Il y a un mois, j’avais publié un article [1] soulignant les liens profonds et nombreux d’une partie de la classe dirigeante iranienne et des « sionistes révisionnistes » [2]. J’insistais sur le fait que ces groupes sont très minoritaires chez eux, bien que les premiers aient accédé plusieurs fois à la présidence de la République islamique et que les seconds sont aujourd’hui au pouvoir à la tête de l’État hébreu. Même si cela est difficile à admettre, aucune de ces deux nations n’est une démocratie et leurs dirigeants peuvent tenir des discours très éloignés de la réalité sans être renversés par leur peuple (quoique les Iraniens ont renversé le Shah, il y a 45 ans).
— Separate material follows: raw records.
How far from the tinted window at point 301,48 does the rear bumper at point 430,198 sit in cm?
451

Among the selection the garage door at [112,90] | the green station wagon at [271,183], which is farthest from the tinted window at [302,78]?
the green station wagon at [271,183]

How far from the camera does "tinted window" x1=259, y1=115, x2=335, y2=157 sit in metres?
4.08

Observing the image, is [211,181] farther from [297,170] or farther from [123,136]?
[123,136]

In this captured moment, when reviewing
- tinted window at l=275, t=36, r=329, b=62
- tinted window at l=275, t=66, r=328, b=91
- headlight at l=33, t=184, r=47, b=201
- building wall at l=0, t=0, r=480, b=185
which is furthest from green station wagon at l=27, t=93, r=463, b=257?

Cependant les deux armées, bien qu’elles se soient vues interdire de blesser significativement leur adversaire, ne se sont pas contentées de mettre en scène des feux d’artifice. Elles ont mis à profit leurs tirs de missiles, sol-sol pour l’Iran et air-sol pour Israël, pour tester leurs systèmes de défense antiaérienne et pour tenter de détruire leurs capacités offensives (l’Iran en attaquant la base aérienne des F-35 et Israël en attaquant les usines de fabrication de combustible solide des missiles hypersoniques)
À ce jour, il apparaît que les Forces armées iraniennes peuvent frapper Israël où elles veulent sans que celui-ci et ses alliés occidentaux puissent abattre ses missiles hypersoniques, si elles en disposent encore. Il est beaucoup plus problématique pour l’armée de l’Air israélienne de bombarder l’Iran en profondeur. Ses avions ont d’importantes difficultés à parvenir aux frontières de la République islamique pour tirer leurs missiles à longue portée. Mais, Israël sait, qu’il peut compter sur le ravitaillement en vol de ses avions par l’US Air Force et sur la passivité des régimes arabes sionistes, c’est-à-dire des Jordaniens et des Saoudiens.
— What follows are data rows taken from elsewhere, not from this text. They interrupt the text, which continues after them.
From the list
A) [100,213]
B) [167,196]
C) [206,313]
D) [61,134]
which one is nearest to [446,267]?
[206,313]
Au plan politique, on remarquera que la dernière opération israélienne (celle du 26 octobre) a été justifiée comme une réplique à l’attaque de la Résistance palestinienne le 7 octobre 2023 (opération « Déluge d’Al-Aqsa »). En effet, Tel-Aviv ne pouvait pas prétendre répliquer au bombardement du 13 avril effectué en représailles de celui des locaux diplomatiques iraniens de Damas, le 1° avril, qui constituait en soi une grave violation du droit international. Il ne pouvait pas non plus invoquer le bombardement iranien du 1° octobre qui répliquait à l’assassinat d’un leader étranger sur son sol (Ismaël Haniyeh, le 31 juillet) et à celui du général Abbas Nilforoushan au Liban (lors de celui d’Hassan Nasrallah, le 27 septembre).
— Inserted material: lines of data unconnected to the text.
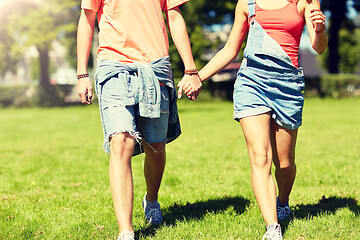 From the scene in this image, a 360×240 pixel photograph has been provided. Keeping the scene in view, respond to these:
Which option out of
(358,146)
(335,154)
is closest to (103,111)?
(335,154)

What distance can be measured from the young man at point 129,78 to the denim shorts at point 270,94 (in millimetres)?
417

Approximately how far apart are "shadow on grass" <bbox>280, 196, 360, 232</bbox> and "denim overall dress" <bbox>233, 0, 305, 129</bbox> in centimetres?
104

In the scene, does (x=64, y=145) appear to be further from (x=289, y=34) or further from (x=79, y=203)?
(x=289, y=34)

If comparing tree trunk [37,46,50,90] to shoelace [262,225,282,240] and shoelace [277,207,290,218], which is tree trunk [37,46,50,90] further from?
shoelace [262,225,282,240]

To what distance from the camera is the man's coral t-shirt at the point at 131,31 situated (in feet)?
11.8

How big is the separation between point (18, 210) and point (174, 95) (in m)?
2.14

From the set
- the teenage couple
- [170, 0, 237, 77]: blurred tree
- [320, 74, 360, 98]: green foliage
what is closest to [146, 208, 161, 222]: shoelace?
the teenage couple

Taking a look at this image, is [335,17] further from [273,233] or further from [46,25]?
[273,233]

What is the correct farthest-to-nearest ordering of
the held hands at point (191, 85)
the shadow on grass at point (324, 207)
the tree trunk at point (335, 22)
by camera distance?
the tree trunk at point (335, 22) → the shadow on grass at point (324, 207) → the held hands at point (191, 85)

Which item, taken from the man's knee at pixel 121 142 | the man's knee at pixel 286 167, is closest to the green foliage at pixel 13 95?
the man's knee at pixel 286 167

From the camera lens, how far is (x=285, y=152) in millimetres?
3938

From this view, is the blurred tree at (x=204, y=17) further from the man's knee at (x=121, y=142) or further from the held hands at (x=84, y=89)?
the man's knee at (x=121, y=142)

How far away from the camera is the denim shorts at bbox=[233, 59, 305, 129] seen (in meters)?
3.61

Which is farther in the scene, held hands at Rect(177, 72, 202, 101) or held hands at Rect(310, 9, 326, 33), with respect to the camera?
Result: held hands at Rect(177, 72, 202, 101) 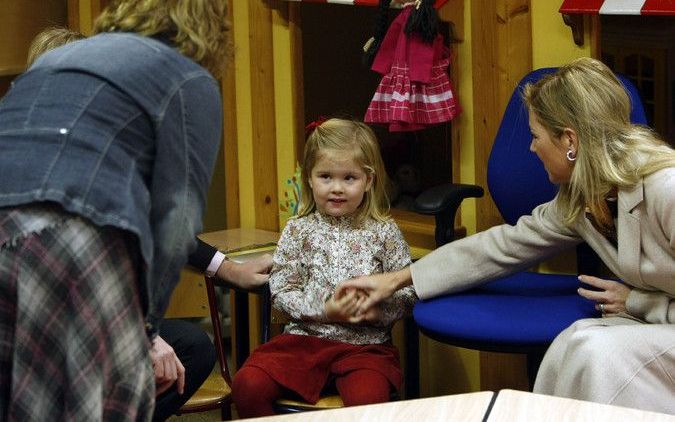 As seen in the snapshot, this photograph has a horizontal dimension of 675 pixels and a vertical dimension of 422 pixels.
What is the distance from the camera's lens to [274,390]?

Il devient de plus en plus difficile pour Tel-Aviv de justifier ses actions de manière crédible en droit international : rendre l’Iran responsable de l’attaque palestinienne du 7 octobre 2023 n’avait pas été évoqué à l’époque et aucune donnée nouvelle ne permet de le créditer. C’est même une aberration au regard de la doctrine de « l’Axe de la Résistance » du général Qassem Soleimani, selon laquelle chaque unité nationale doit agir en pleine indépendance. C’est juste une reprise de la vision occidentale selon laquelle, au contraire, ces unités nationales ne sont que des mandataires (proxys) de l’impérialisme iranien.
En Israël, l’attaque du 26 octobre 2024 a été présentée comme la punition, un an après, du « pire pogrom » de l’histoire, celui du 7 octobre 2023.
Observons d’abord que l’assimilation de l’opération de la Résistance palestinienne contre un fait colonial à un pogrom, c’est-à-dire à une action antisémite, est une absurdité ; ainsi que l’a souligné Francesca Albanese, la rapporteuse spéciale sur la situation des droits de l’homme dans les territoires palestiniens occupés depuis 1967.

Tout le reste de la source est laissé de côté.